Eh, pole camiası da aslolarak politik amaçla bir araya gelmiş topluluk değil. Birçoğumuz için öncelikle bir iş. Ekmek teknesi. Faturalarımızı ödeyen bir şey. Dolayısıyla ne yeraltında kalabilir ne de kabak gibi hedef olup güvensiz bir hale gelmeyi göze alabilir. Sonuç ister istemez, az ya da çok, tüm bu çeşitliliğin ve potansiyelin teknik ve virtüözite lehine gözden düşmesine doğru evrilebiliyor. 

O zaman şey yapalım biz ya, mesela bu alanı hemen terk edelim. 

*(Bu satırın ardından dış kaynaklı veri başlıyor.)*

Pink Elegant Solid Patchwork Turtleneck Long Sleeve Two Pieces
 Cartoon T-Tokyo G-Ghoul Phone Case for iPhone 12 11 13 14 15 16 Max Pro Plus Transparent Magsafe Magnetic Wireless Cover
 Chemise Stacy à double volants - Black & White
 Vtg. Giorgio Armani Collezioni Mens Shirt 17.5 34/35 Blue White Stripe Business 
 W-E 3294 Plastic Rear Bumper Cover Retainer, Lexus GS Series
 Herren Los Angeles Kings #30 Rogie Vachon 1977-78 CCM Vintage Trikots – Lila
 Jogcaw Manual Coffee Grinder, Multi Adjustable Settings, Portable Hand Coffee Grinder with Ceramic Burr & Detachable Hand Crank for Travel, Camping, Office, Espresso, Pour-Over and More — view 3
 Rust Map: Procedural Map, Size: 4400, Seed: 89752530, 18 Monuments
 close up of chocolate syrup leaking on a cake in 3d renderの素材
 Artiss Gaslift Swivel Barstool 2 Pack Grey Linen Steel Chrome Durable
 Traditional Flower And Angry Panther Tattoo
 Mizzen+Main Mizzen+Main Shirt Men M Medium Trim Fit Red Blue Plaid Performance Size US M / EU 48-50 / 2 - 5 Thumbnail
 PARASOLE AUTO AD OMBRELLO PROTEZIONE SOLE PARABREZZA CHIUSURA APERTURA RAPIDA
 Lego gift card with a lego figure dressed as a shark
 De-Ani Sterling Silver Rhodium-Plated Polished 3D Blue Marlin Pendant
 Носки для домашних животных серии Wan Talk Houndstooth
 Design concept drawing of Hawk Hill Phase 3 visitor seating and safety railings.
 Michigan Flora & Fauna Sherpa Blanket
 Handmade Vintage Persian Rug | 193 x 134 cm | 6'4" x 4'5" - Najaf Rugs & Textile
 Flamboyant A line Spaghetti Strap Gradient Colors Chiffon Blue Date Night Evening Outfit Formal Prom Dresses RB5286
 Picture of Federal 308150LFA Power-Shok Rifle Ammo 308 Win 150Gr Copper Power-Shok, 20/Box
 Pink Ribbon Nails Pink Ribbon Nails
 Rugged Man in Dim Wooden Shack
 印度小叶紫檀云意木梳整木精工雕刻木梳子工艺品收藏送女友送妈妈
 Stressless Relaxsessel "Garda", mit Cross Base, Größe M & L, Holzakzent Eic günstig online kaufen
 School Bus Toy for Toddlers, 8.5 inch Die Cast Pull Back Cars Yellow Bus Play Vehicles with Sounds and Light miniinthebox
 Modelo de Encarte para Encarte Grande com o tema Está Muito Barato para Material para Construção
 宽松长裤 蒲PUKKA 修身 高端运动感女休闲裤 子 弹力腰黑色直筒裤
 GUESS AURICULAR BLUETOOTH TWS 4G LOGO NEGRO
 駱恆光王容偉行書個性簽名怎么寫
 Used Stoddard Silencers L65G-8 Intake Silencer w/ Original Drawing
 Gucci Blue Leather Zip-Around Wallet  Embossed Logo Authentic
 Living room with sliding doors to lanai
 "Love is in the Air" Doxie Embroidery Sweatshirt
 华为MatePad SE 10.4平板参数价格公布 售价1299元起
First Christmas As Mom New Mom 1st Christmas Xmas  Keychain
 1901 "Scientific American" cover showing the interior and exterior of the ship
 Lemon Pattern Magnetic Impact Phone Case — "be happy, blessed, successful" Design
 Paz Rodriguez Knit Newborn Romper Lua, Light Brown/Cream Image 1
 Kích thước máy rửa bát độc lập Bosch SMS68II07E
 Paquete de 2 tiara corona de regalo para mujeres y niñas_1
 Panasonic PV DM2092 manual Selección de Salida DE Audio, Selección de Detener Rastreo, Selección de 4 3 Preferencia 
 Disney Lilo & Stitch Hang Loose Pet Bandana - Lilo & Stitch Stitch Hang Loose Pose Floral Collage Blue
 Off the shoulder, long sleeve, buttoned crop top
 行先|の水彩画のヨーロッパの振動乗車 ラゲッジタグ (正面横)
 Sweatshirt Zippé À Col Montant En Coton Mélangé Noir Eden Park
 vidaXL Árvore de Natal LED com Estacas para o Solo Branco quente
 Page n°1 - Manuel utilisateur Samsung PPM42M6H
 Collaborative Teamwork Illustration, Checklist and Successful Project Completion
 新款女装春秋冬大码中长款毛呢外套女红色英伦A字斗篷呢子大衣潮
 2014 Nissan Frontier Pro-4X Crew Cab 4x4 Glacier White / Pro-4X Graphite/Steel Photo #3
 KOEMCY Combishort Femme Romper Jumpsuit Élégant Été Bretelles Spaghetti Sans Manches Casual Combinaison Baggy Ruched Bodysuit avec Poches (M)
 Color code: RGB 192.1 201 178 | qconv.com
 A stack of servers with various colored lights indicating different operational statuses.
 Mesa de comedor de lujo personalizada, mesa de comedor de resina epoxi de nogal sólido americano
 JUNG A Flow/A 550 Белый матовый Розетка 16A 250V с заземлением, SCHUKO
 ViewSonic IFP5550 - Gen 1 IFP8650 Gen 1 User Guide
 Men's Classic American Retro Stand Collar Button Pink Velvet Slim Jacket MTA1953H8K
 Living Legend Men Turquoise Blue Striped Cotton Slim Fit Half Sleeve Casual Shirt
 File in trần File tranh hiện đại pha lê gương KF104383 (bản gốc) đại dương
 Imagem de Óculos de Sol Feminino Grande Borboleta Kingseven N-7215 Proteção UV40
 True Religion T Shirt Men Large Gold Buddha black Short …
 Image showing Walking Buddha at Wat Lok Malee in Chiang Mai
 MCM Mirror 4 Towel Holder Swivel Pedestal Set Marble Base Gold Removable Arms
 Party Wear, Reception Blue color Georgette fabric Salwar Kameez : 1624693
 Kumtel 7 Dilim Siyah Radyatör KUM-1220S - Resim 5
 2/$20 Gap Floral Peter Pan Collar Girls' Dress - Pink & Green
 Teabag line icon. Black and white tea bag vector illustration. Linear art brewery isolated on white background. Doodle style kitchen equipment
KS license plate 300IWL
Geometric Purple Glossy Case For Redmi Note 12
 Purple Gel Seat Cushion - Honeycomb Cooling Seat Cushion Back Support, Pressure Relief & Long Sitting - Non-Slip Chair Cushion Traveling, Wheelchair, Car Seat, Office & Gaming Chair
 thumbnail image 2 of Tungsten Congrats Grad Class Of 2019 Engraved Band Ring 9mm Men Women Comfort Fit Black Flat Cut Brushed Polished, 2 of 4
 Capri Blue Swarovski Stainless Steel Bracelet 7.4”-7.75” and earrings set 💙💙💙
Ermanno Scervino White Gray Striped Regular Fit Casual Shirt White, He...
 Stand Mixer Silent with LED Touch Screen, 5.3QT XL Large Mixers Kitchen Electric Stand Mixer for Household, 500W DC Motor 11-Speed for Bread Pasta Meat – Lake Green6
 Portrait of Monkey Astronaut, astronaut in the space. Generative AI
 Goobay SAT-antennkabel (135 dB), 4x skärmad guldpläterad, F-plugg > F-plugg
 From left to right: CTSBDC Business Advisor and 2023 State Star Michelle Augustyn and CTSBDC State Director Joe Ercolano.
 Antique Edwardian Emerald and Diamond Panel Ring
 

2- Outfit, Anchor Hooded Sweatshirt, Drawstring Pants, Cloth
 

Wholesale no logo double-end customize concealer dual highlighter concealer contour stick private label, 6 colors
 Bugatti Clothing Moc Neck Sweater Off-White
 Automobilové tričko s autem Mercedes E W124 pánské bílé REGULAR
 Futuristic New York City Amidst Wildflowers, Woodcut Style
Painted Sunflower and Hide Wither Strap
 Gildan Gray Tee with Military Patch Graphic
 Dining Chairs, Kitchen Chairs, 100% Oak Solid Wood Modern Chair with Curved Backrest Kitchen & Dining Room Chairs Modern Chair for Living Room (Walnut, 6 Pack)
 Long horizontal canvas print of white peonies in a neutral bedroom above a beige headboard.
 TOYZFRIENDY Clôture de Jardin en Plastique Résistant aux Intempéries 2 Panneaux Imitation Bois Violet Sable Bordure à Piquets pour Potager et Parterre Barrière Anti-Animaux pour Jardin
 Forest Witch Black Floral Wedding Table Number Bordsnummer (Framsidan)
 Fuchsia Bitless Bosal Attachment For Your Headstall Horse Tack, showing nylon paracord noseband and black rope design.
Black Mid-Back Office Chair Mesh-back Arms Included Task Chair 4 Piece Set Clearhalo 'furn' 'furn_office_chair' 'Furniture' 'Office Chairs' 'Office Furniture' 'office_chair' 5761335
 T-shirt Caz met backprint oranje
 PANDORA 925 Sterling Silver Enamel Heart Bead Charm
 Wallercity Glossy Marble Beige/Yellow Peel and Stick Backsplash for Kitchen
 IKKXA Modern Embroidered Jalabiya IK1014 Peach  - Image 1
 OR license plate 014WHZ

Yaklaşık bir sene önce az çok böyle bir şey yaptım. Sonuç aylar süren bir yalnızlaşma, depresyon ve anlam yitimi oldu. Yapmayın, hiç tavsiye etmiyorum. 

Şimdi diyorum acaba yeni bir dil, tam da pole’un bize sağlayabileceği yeni bir bedensel dil arayışı mümkün olabilir mi? Gittikçe pole camiasında da daha fazla yer edinen LGBTİ+ hareketinden, kadın hareketinin politik taleplerini de gözden düşürmeden, neler öğrenebiliriz? İkinin dilini konuşmaya ısrar etmek yerine toplumsal cinsiyetin çoğulluğu bize nasıl katkı sağlayabilir? Bu noktada her birimizin kişisel deneyimleri ve bu deyimlerin ortaklaşması için sahip olduğumuz paylaşım imkanları çok değerli. Susup kaybetmeyelim, döne döne kazanalım.